ISLAMABAD: The International Monetary Fund (IMF) has called upon Pakistan to raise gas tariffs, signaling a potential increase of up to 41 percent by mid-February. This development comes as part of ongoing discussions between Pakistan and the IMF regarding economic reforms and financial assistance.

Sources have disclosed that the IMF has declined to provide subsidies on power tariffs, with exceptions limited to those already outlined in the budget. Additionally, substantial funding allocations have been earmarked for various sectors. Notably, Rs 1000 billion will be released for the petroleum sector, Rs 250 billion for the power sector, Rs 600 billion for the Oil and Gas Development Company Limited (OGDCL), and Rs 150 billion for the Pakistan Petroleum Limited (PPL).

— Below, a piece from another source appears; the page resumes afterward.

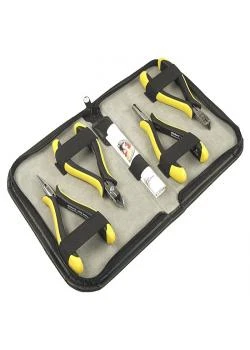 Elektronikzangen-Satz - ESD / EGB-sicher - 4-teilig - Poliert 3 Elektronikzangen-Satz - ESD / EGB-sicher - 4-teilig - Poliert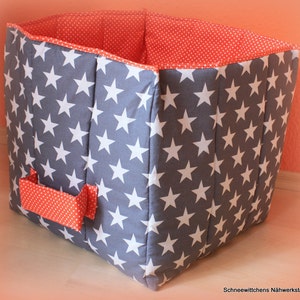 Toy box, toy basket, play bag, fabric toy storage, toy bin XXL, toy bag, toy storage stars image 2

In a separate initiative, Pakistan has proposed a reduced electricity tariff plan for the export sector, aiming to lower tariffs from 14 cents to 9 cents per unit. This proposal, subject to IMF approval, is intended to enhance the competitiveness of Pakistani exports in global markets.

However, it’s worth mentioning that the IMF had previously rejected similar proposals to lower power tariffs for the export sector. Nevertheless, the export sector has persistently advocated for reduced tariffs to bolster Pakistan’s exports.

The IMF’s latest directives coincide with its downward revision of Pakistan’s growth estimate for fiscal year 2024 to two percent, reflecting a 0.5 percent reduction from previous projections. Despite these adjustments, ongoing discussions between Pakistan and the IMF underscore the importance of implementing structural reforms to address economic challenges and foster sustainable growth.